* Problem requirements
Using the data below, print exactly the line with "Turbina Turbo Compressor", the line with "KITH 키스 피그먼트 후디 상품이미지5", and every line between them, but none of the pictures.

Web page caption snippets:
━━━━━━━━━━━━━━━━━━━━

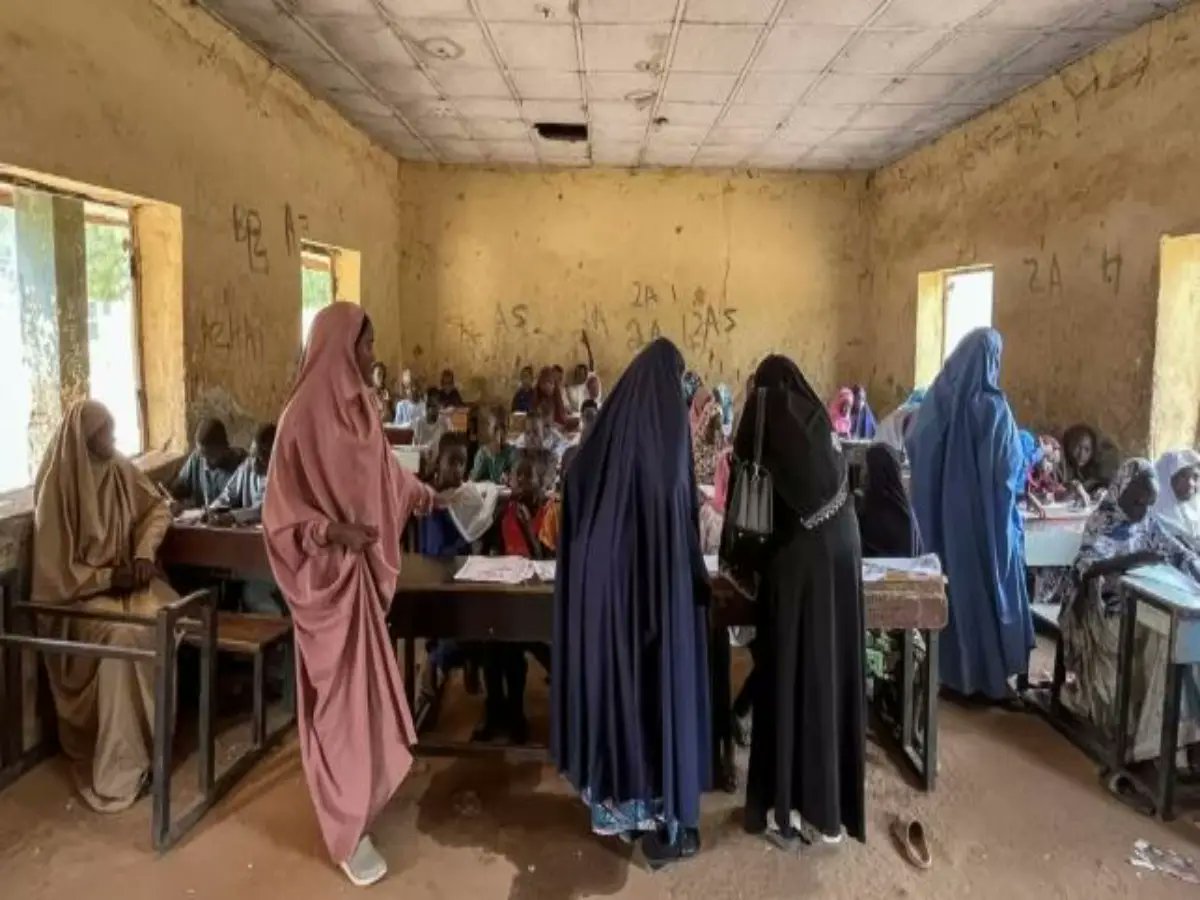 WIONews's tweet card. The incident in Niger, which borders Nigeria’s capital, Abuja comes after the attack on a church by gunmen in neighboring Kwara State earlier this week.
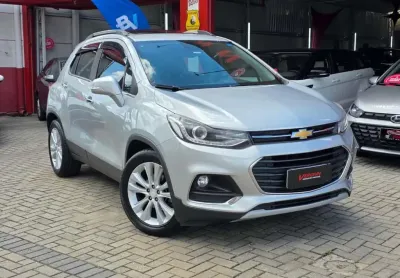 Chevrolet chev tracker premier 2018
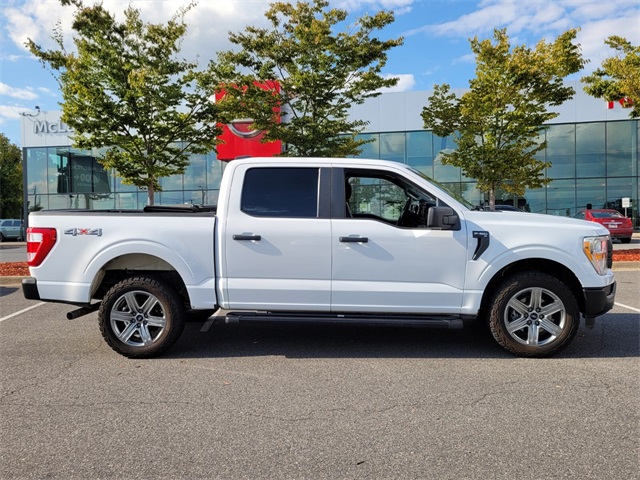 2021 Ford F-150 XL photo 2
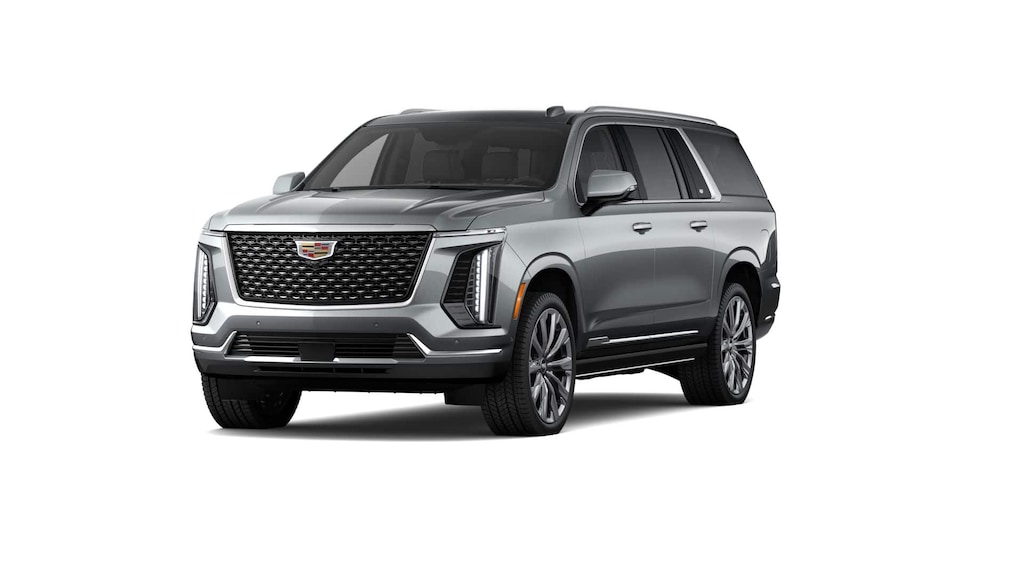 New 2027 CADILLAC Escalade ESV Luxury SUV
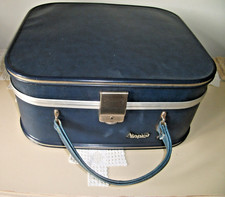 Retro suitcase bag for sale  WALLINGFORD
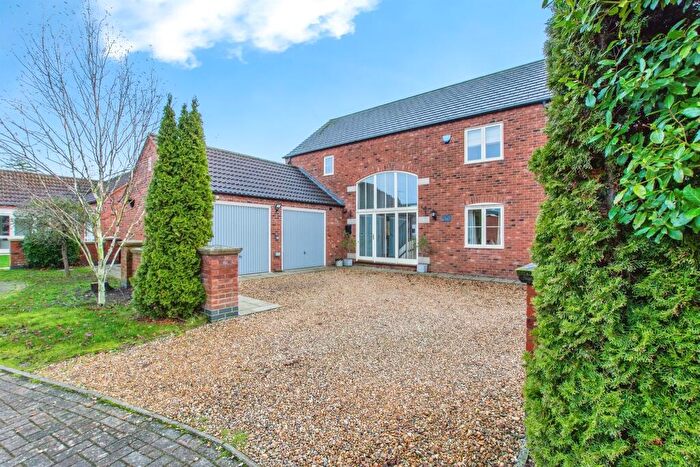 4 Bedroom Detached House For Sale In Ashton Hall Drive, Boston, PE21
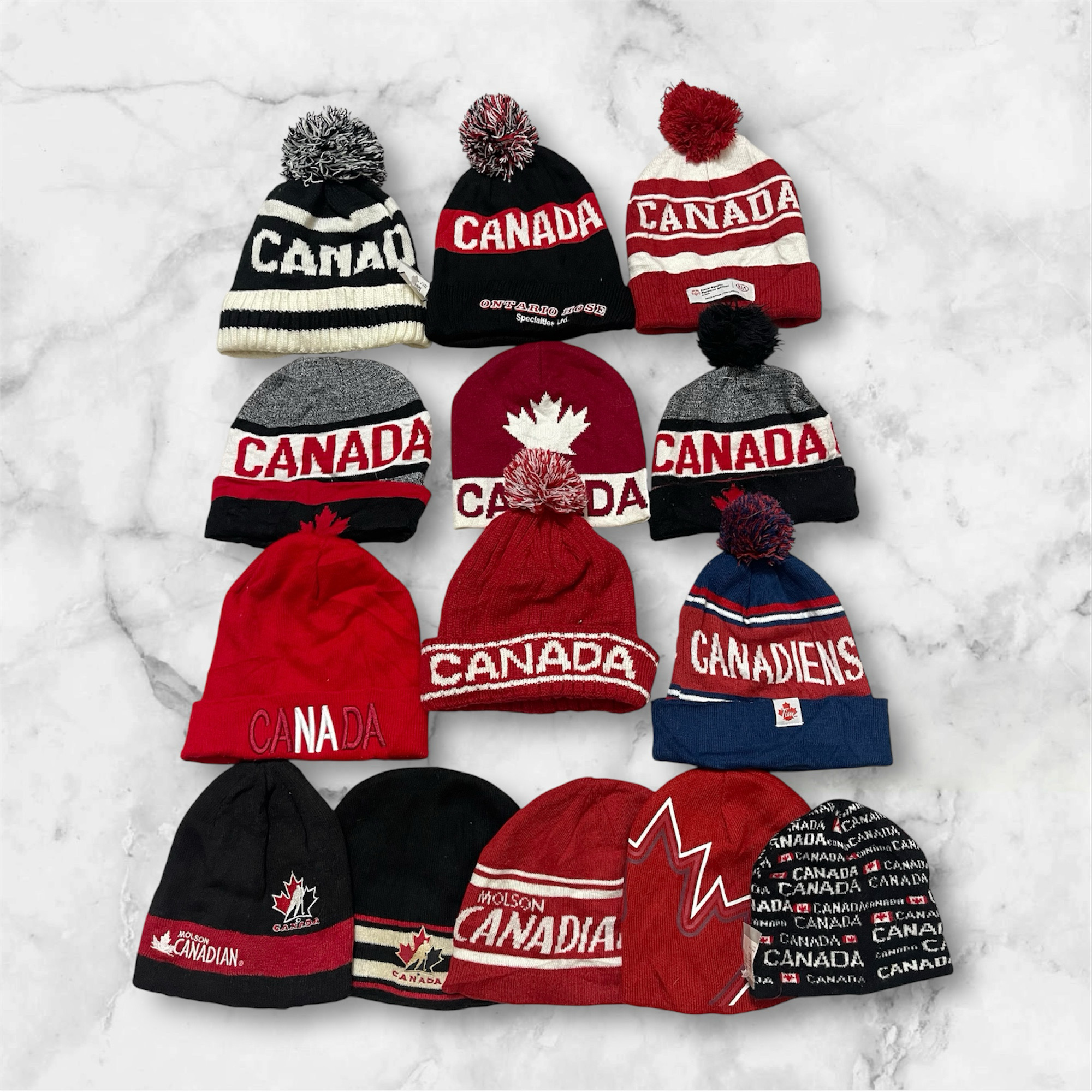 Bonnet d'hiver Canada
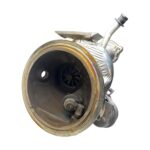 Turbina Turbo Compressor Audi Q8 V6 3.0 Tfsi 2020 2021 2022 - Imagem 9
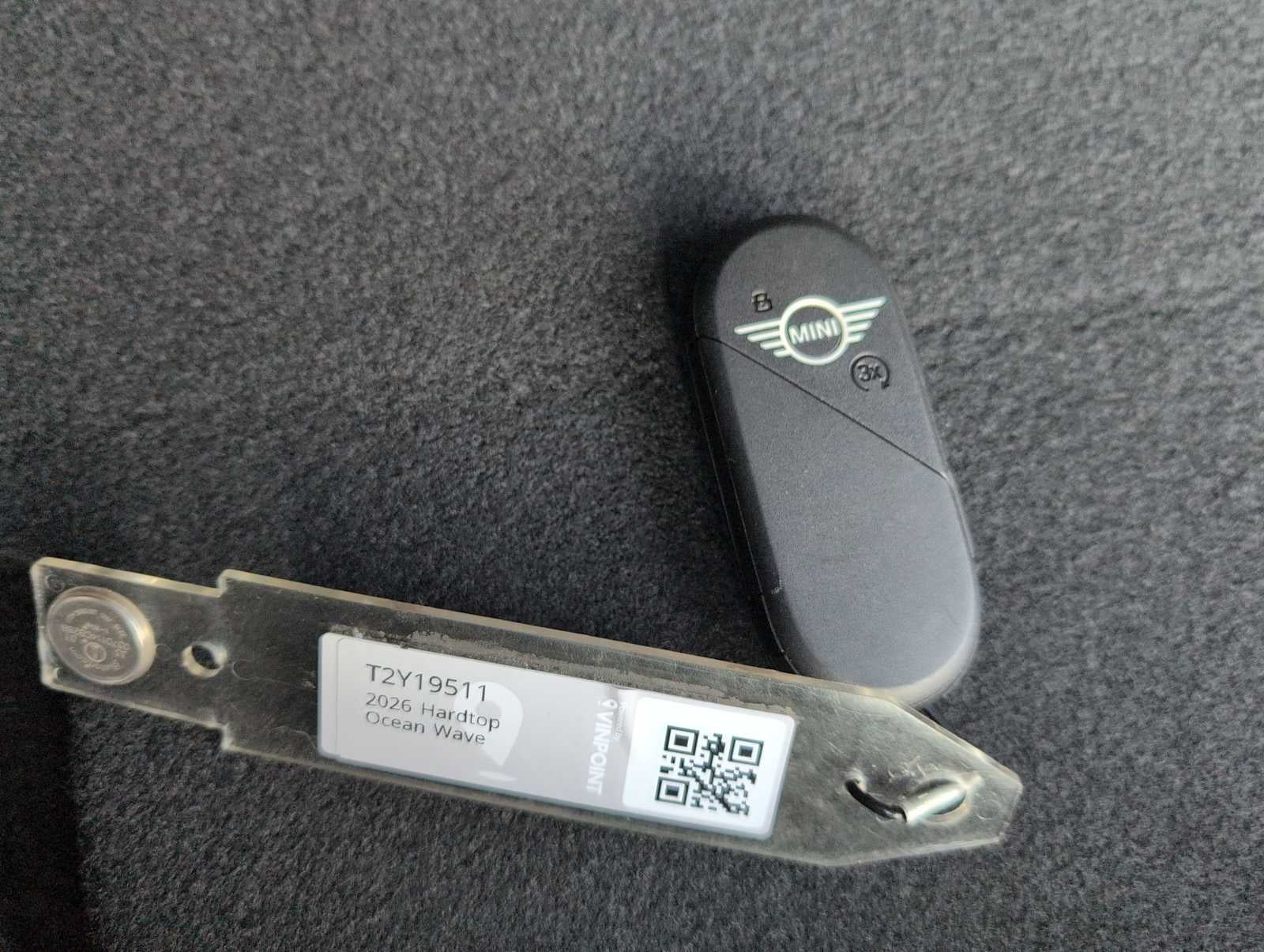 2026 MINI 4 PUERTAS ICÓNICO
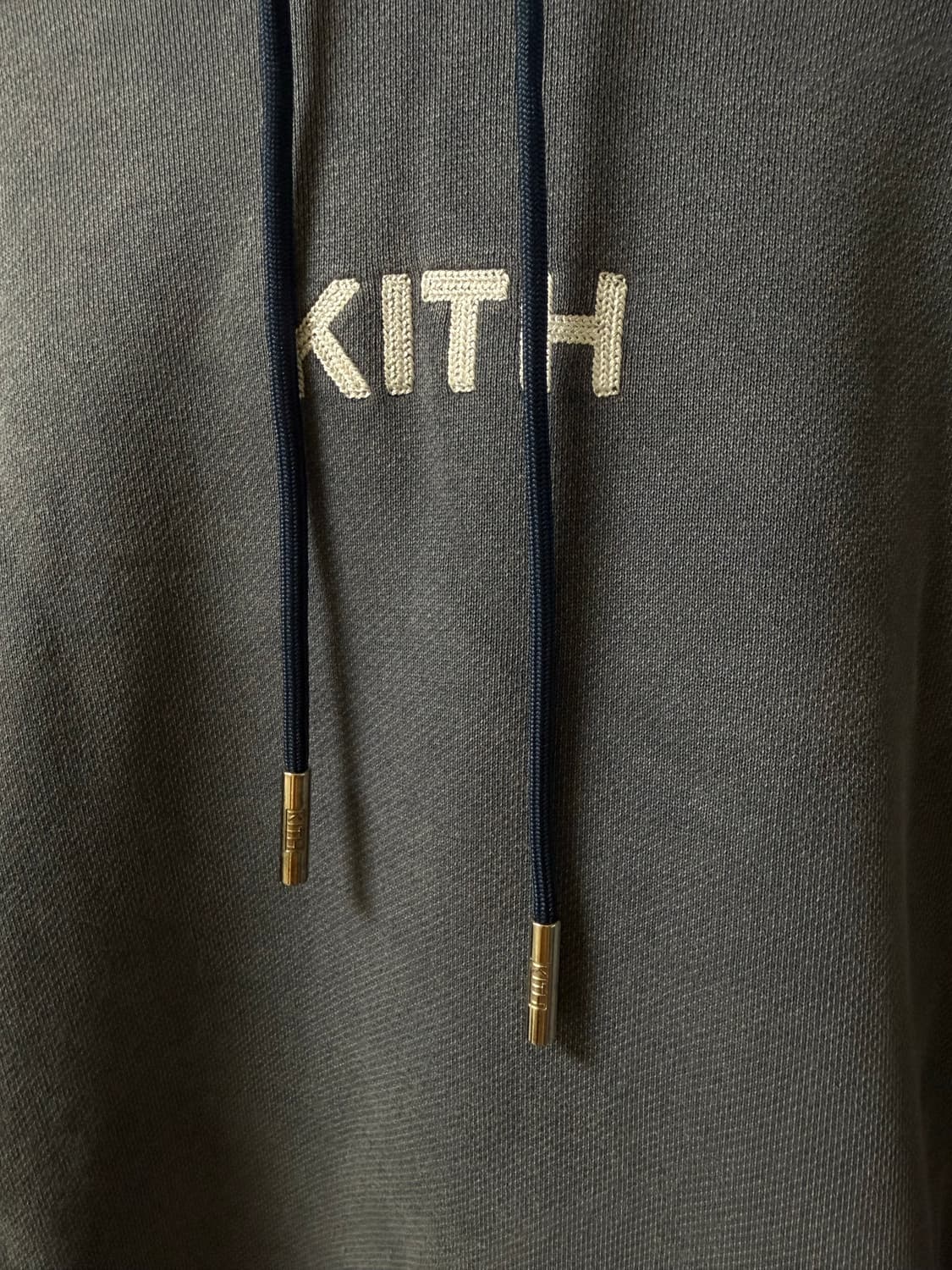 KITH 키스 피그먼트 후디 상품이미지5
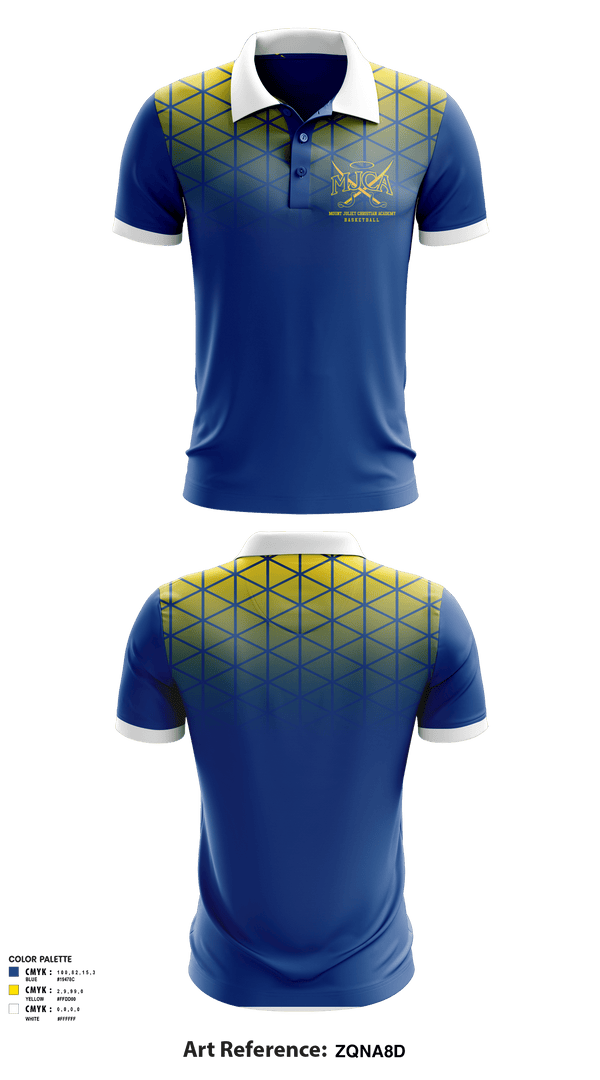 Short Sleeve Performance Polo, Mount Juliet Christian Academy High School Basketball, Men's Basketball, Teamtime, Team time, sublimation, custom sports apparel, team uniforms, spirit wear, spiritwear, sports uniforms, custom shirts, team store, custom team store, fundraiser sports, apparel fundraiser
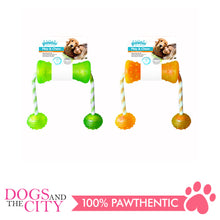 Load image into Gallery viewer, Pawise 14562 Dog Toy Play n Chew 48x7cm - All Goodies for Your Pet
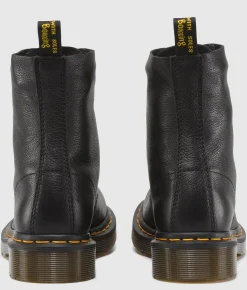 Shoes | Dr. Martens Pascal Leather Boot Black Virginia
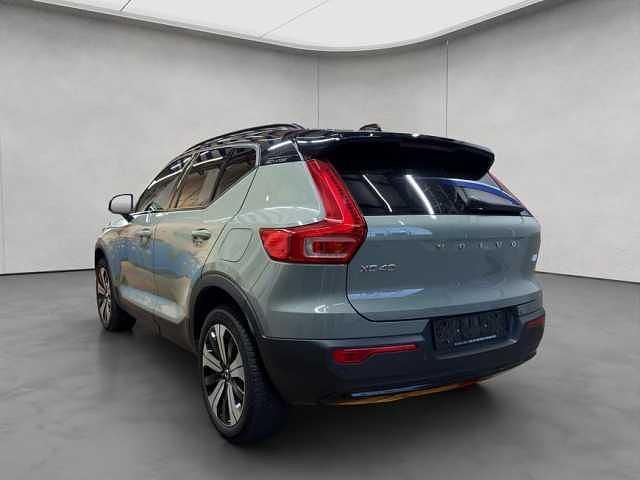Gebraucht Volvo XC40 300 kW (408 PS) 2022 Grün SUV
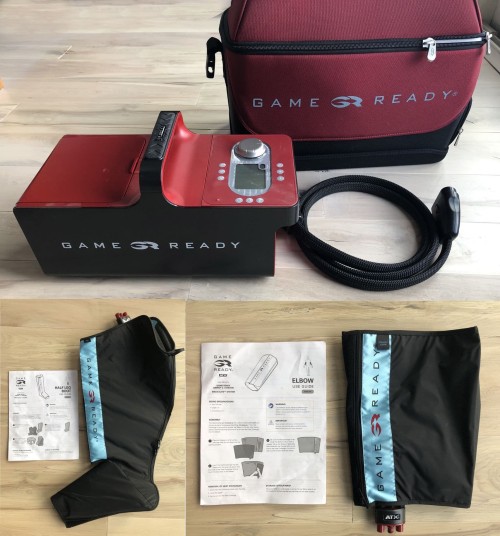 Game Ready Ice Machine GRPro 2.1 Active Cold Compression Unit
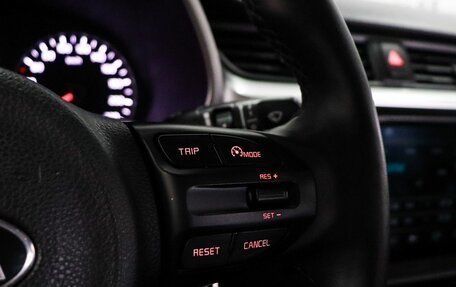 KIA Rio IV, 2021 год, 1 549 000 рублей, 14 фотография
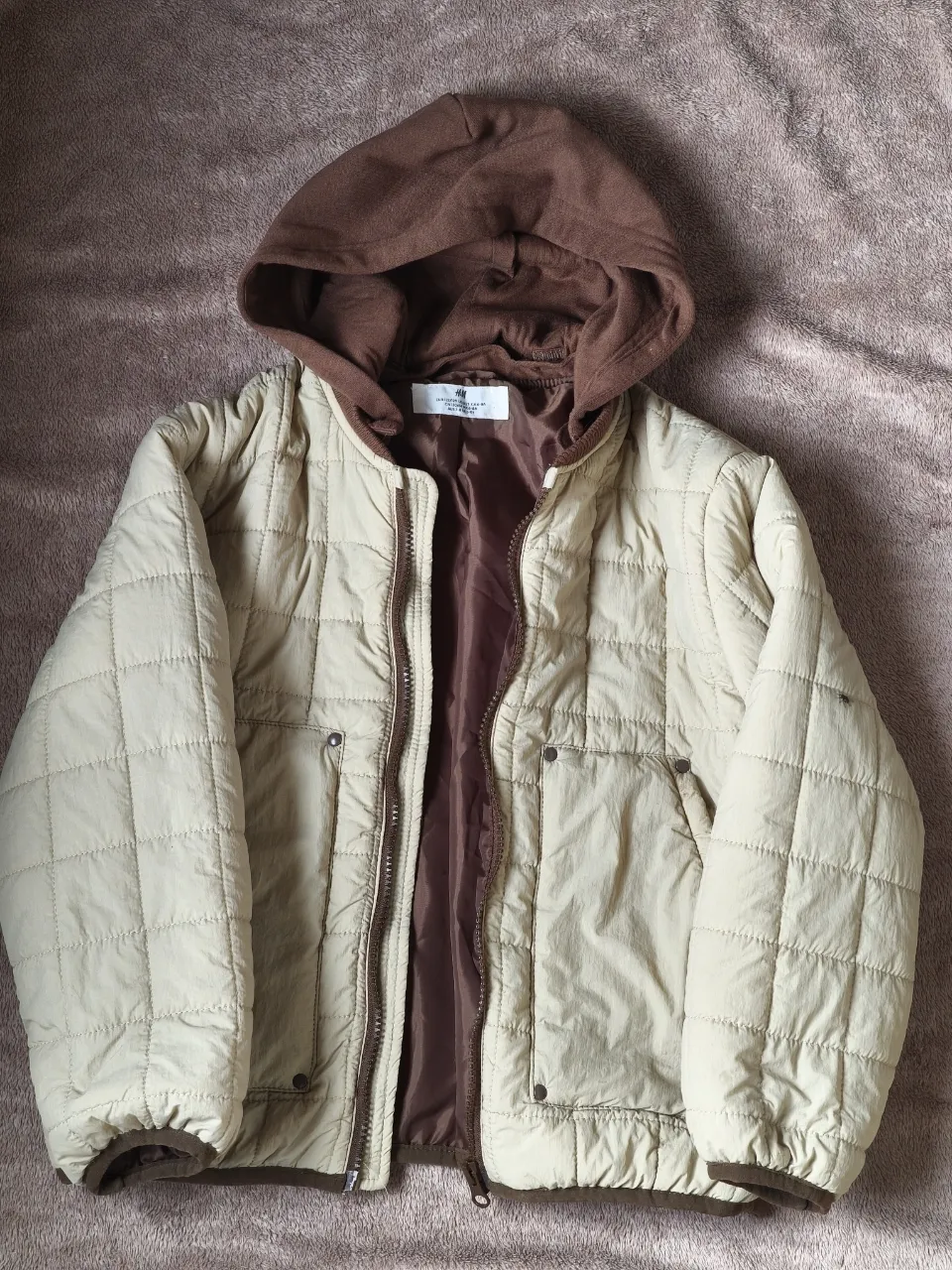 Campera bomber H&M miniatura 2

━━━━━━━━━━━━━━━━━━━━

* Result of this exercise
 Turbina Turbo Compressor Audi Q8 V6 3.0 Tfsi 2020 2021 2022 - Imagem 9
 2026 MINI 4 PUERTAS ICÓNICO
 KITH 키스 피그먼트 후디 상품이미지5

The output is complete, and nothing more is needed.